Takahata quería en aquellos momentos cambiar radicalmente de registro después de unos últimos filmes centrados de una forma u otra en el drama ("La tumba de las luciérnagas", "Recuerdos del ayer" y la mencionada "Pompoko") y rodar una película que fuese, en sus palabras, "cien por cien comedia".
"Mis vecinos los Yamada" es un filme muy personal, casi experimental en algunos aspectos, que no sigue una trama concreta, sino que se limita a mostrar escenas cotidianas de la vida de la familia que le da título por medio de sketches cortos.
Es un filme costumbrista que muestra el día a día de una familia japonesa de clase media normal y corriente pero con sus problemas perfectamente reconocibles. Tenemos un poco de todo: crítica social, humor irónico, referencias a la cultura japonesa, juegos de homenajes.
¿Se imaginan una película completamente hecha con tiras de personajes como Charlie Brown y Snoopy o Garfield? Pues eso es a grandes rasgos "Mis vecinos los Yamada", que, sin embargo, está ensamblada por medio de transiciones (mínimas, eso sí, y que a veces no articulan ninguna historia, pero todas muy ocurrentes y bellas).
Es, además, una película "muy japonesa": algunos de sus gags no son fáciles de entender completamente por un público occidental que no esté familiarizado con la sociedad del país del Sol naciente (y algunos en concreto incluso pueden resultar extrañamente de aire conservador).
"Mis vecinos los Yamada" fue la primera creación del Studio Ghibli en ser realizada de forma completamente digital.
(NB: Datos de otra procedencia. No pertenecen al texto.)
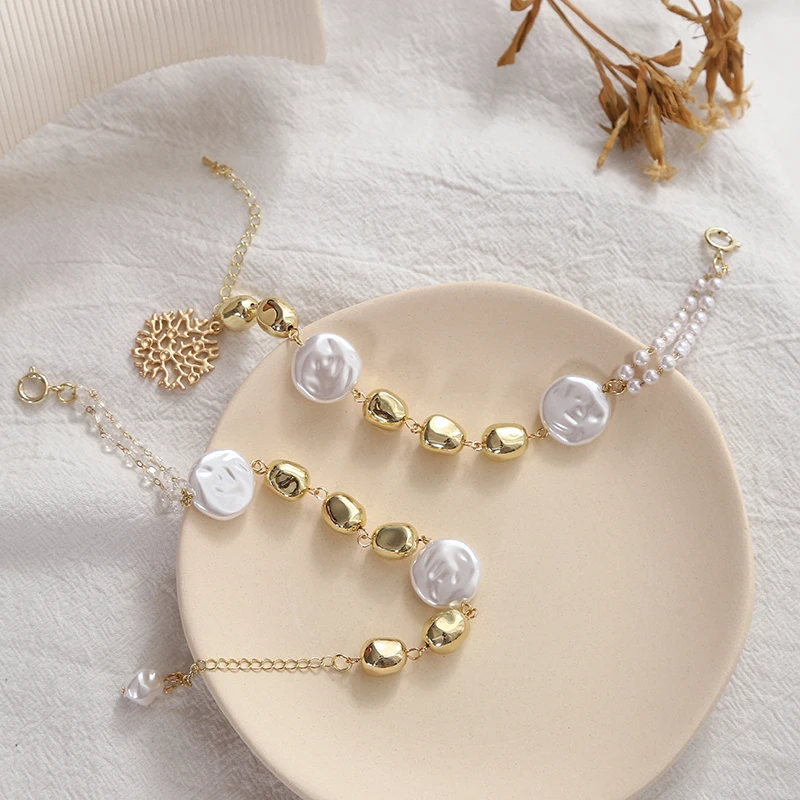 Модная подвеска золотого цвета браслеты для женщин имитация жемчуга
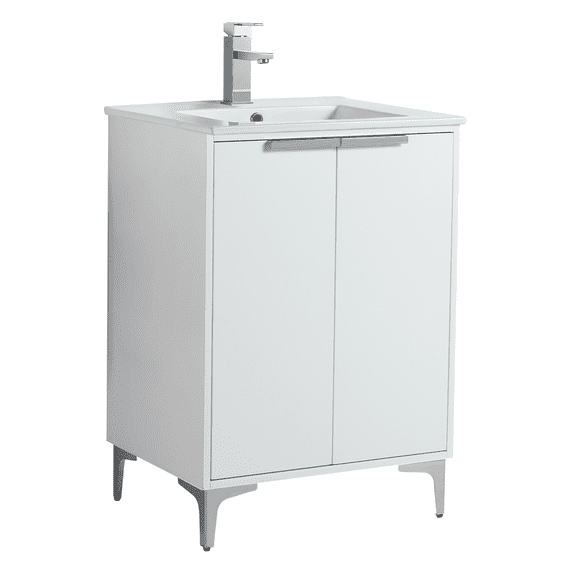 Fine Fixtures Wilmington 24 Inch Bathroom Vanity With Sink - Fully Assembled Bathroom Sink Cabinet, Bathroom Vanities, White Bathroom Vanity, Small Bathroom Sink Cabinet, 24 Bathroom Vanity With Sink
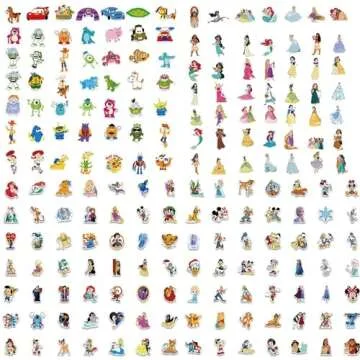 200Pcs Kids Stickers Pack Disney Princess Stickers Cute Cartoon Characters Stickers Movie Decal Childrens Decorative Sticker for Kids Teens Adults Waterproof Stickers for Water Bottle Laptop Luggage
Curiosamente, fue una de las primeras en ser distribuidas en occidente y concretamente en Europa junto con las grandes "cabezas de cartel" de Hayao Miyazaki. Digo curiosamente porque es, como he dicho, una obra "muy japonesa", muy localista incluso, y porque además en su país supuso un cierto fracaso económico para su compañía (recaudó lo justo para no haber perdido inversiones pero no fue ni de lejos un éxito, a pesar de ser allí Isao Takahata un nombre básico y tan famoso como el propio Miyazaki).
Después de esta adaptación, su director estuvo nada más y nada menos que trece largos años sin ponerse de nuevo a dirigir un largometraje. En 2013 ya estrenó la maravillosa "El cuento de la Princesa Kaguya", el que fue por desgracia el último de todos: nos dejó en 2018 a los 82 años.